Task requirements>
Every line in the records below that holds the word "Toyota" is to be copied.

Saved entries:
◇ ◇ ◇ ◇ ◇

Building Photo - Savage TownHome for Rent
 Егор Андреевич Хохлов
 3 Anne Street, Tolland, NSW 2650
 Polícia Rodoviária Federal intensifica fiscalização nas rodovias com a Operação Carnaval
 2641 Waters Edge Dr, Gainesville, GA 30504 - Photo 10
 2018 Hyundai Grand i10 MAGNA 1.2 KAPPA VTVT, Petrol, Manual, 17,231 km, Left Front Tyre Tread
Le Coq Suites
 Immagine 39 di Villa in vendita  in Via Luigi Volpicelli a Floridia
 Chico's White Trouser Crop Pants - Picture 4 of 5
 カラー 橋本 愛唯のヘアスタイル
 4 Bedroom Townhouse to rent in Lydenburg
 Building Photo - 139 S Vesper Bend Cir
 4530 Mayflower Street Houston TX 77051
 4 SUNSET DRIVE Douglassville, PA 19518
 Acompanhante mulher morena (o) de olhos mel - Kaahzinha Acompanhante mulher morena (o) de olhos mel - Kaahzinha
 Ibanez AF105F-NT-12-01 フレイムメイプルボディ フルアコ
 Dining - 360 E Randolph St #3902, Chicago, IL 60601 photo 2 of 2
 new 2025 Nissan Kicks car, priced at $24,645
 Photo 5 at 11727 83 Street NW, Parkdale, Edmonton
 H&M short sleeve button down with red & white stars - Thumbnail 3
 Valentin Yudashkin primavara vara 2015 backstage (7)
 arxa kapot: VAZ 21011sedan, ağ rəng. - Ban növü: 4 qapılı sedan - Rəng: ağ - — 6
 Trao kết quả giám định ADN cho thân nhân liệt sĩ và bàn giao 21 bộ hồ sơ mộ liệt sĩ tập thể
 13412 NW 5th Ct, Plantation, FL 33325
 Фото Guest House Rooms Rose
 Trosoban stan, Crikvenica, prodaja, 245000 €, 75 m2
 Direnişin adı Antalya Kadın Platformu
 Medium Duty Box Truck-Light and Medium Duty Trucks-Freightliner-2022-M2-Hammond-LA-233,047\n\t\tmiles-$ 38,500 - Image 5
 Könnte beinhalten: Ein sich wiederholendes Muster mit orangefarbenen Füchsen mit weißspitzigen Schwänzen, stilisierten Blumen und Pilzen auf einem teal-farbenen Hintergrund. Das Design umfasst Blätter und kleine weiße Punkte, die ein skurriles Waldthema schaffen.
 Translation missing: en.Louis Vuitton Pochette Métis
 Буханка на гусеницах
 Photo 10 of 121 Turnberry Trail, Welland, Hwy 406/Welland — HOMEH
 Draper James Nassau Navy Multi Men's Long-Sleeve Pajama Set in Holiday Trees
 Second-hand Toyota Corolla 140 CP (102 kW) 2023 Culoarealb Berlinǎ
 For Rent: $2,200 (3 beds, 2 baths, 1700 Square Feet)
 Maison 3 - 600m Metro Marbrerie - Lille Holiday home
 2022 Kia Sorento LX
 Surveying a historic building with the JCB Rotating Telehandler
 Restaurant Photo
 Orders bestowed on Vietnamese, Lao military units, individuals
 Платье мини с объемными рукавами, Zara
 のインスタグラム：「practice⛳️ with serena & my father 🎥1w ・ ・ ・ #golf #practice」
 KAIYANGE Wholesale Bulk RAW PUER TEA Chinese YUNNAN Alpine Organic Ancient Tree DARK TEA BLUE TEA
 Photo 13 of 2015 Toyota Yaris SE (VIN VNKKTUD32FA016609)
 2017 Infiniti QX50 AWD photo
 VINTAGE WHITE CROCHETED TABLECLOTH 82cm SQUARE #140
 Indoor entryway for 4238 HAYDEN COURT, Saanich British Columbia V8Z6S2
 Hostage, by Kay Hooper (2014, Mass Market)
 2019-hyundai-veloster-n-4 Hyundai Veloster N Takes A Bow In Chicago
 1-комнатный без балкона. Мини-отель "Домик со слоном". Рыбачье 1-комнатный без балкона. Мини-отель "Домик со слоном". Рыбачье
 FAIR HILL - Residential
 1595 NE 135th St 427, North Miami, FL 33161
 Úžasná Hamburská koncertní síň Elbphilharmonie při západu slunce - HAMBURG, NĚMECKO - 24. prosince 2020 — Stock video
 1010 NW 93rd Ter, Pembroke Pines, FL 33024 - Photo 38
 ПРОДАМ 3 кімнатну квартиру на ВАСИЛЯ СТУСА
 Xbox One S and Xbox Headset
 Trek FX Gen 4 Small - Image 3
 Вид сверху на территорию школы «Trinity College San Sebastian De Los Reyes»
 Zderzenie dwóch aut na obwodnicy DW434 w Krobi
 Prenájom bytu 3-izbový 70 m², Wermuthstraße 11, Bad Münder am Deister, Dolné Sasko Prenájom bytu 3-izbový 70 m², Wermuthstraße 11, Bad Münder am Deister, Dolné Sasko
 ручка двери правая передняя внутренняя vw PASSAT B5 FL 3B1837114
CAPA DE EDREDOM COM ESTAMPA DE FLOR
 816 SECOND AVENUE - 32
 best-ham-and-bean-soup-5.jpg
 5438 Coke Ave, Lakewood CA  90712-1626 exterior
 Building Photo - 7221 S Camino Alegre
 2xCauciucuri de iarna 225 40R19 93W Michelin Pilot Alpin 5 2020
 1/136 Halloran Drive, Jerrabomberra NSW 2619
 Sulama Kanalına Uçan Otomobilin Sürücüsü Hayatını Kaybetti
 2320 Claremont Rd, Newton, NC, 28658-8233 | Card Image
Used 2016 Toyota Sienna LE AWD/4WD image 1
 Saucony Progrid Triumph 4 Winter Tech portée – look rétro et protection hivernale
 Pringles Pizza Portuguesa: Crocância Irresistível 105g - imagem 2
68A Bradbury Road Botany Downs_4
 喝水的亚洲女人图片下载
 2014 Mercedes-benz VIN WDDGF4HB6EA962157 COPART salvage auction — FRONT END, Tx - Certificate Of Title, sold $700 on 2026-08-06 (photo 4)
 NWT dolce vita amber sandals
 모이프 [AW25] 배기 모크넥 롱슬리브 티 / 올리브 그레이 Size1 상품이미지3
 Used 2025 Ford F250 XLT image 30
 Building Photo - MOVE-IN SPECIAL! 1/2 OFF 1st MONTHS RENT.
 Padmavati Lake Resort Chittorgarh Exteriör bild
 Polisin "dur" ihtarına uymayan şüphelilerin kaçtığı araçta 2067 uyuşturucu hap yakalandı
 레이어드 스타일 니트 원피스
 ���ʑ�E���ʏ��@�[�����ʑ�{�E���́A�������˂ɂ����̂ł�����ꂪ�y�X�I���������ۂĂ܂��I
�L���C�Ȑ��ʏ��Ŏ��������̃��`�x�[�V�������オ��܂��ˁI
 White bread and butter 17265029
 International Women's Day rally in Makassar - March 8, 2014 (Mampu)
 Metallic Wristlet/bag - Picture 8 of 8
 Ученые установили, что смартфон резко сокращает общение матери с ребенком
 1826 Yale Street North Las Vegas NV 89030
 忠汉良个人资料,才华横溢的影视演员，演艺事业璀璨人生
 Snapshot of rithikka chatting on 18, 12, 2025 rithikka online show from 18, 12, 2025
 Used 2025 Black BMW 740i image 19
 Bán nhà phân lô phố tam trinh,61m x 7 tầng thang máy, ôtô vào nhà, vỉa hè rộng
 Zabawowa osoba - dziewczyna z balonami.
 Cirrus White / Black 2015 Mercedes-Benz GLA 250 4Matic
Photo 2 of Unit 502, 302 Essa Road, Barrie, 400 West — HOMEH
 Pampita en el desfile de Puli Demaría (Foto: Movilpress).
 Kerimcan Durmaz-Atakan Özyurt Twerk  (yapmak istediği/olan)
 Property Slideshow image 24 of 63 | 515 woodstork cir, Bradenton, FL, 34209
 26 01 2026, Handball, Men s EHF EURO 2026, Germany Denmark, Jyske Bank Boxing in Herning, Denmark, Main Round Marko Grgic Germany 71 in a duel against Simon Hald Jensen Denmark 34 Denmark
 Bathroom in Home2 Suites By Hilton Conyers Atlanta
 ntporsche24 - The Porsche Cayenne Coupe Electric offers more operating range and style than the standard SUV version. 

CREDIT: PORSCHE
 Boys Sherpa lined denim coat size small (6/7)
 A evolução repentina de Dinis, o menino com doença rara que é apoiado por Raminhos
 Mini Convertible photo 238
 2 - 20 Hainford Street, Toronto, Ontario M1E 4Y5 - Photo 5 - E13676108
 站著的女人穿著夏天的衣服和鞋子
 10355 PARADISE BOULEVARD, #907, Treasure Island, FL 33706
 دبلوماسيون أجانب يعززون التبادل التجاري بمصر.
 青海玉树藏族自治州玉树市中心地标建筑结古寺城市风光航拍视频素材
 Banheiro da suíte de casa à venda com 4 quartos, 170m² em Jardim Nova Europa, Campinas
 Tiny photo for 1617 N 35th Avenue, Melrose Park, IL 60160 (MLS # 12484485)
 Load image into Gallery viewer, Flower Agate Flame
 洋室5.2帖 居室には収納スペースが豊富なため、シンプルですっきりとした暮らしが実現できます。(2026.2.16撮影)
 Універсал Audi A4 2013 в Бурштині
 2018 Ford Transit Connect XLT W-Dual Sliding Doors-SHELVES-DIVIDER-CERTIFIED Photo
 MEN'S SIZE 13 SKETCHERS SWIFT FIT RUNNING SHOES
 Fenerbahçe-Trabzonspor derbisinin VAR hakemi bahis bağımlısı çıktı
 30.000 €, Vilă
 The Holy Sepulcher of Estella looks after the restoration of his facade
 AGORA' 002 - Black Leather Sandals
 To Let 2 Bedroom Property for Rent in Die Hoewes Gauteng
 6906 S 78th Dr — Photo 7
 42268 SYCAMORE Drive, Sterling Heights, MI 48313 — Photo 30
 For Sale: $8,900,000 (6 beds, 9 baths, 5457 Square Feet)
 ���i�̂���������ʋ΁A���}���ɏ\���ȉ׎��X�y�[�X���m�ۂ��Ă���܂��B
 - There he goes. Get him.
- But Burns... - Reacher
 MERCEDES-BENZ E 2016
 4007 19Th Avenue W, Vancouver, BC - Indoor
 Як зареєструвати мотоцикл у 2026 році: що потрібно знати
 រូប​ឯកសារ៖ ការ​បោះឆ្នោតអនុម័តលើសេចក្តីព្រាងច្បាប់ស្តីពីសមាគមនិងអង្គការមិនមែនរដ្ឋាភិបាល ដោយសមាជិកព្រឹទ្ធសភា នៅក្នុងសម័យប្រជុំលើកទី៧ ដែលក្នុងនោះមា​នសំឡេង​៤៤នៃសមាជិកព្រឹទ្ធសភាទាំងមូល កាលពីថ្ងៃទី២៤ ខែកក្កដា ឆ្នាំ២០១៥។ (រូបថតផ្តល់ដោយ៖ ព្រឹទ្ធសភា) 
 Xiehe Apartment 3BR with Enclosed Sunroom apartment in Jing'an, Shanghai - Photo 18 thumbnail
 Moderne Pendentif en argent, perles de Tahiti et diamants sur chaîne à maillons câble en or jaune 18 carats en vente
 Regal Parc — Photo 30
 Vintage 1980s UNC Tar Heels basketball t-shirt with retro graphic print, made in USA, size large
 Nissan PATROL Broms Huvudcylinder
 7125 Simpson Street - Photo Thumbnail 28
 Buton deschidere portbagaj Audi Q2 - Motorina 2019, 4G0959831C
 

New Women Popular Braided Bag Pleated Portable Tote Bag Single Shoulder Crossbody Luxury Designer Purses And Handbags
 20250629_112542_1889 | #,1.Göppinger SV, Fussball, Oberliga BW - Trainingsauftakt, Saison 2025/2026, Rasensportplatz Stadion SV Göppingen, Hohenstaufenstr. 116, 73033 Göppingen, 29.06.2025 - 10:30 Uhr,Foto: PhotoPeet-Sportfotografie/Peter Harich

◇ ◇ ◇ ◇ ◇

Answer to this task>
 Second-hand Toyota Corolla 140 CP (102 kW) 2023 Culoarealb Berlinǎ
 Photo 13 of 2015 Toyota Yaris SE (VIN VNKKTUD32FA016609)
Used 2016 Toyota Sienna LE AWD/4WD image 1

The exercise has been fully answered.